> _EXTRACTED RECORDS_:
------
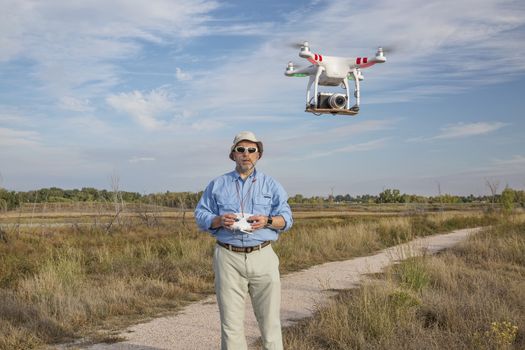 FORT COLLINS, CO, SEPTEMBER 28, 2014:  Photogrpaher, Marek Uliasz, is launching the DJI Phantom 2 quadcopter drone with Panasonic Lumix GM1 camera on board.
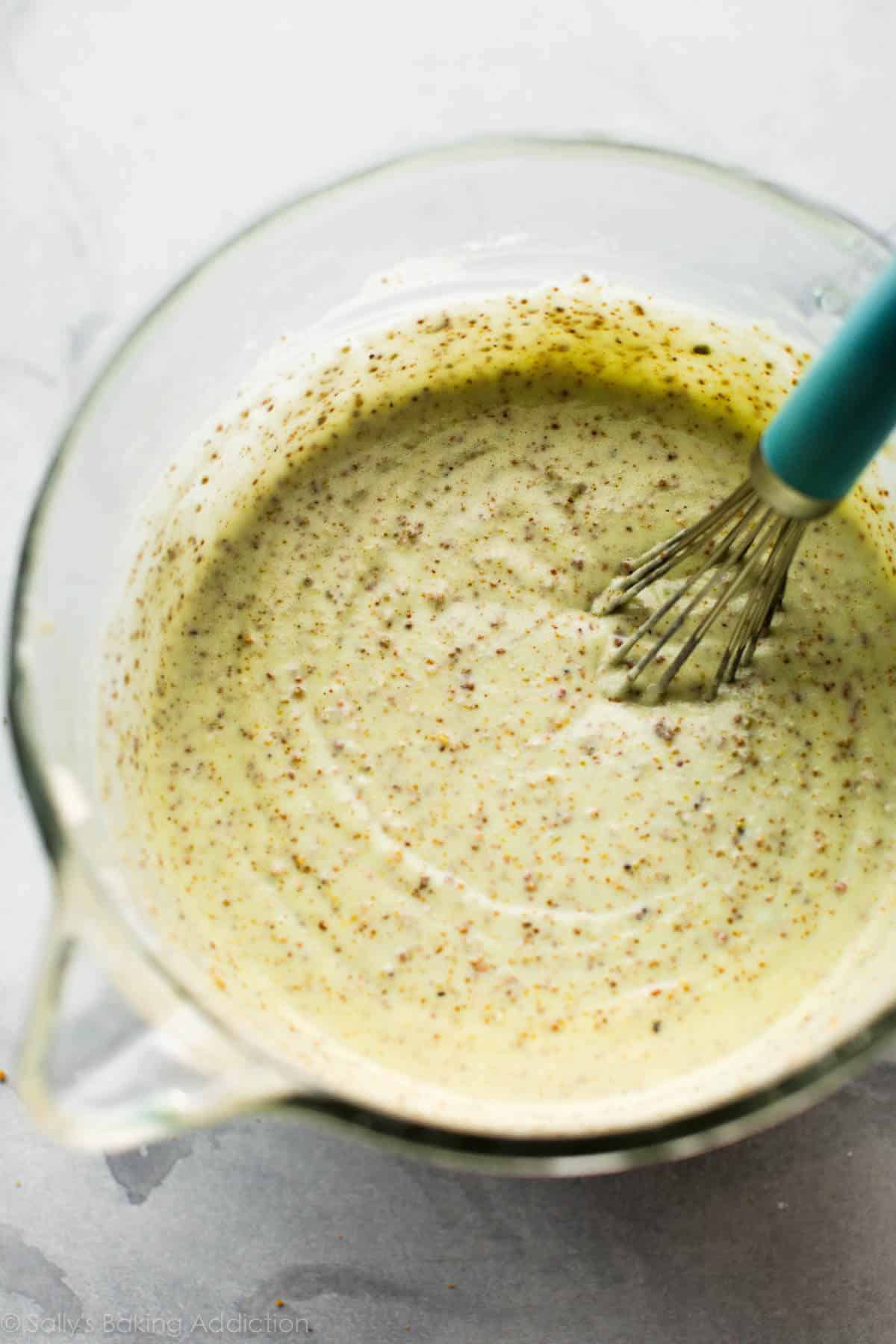 pistachio cake batter in a glass bowl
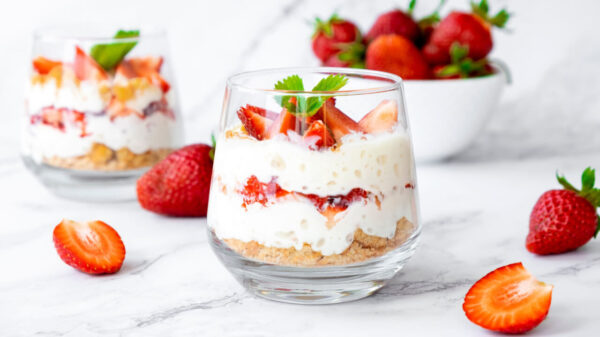 Sobremesa de tiramisu de morango com mascarpone, chantilly, migalhas de savoiardi e morango fresco, em um vidro, em cima de um mármore.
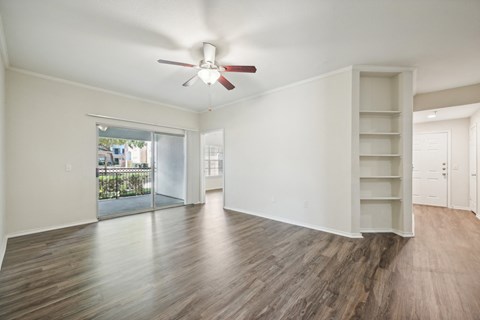 an empty living room with white walls and a ceiling fan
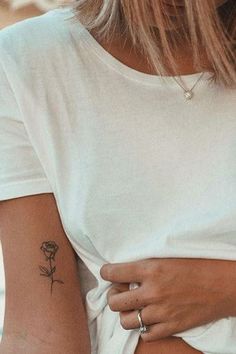 a woman with a rose tattoo on her arm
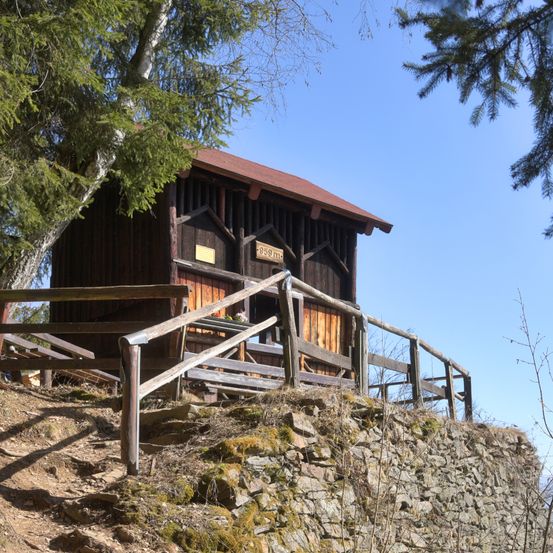 Ein kleines Holzgebäude mit rotem Dach steht auf einem felsigen Hügel, umgeben von Bäumen und einem Holzgeländer. Das Gebäude hat ein Schild mit der Nummer 899.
------
> _ACTION ITEM_:
Reproduce, word for word, every line from the one that contains "a woman with a rose tattoo on her arm" to the end of the data, including both ends; omit all pictures.

> _FINISHED TASK_:
 a woman with a rose tattoo on her arm
 Ein kleines Holzgebäude mit rotem Dach steht auf einem felsigen Hügel, umgeben von Bäumen und einem Holzgeländer. Das Gebäude hat ein Schild mit der Nummer 899.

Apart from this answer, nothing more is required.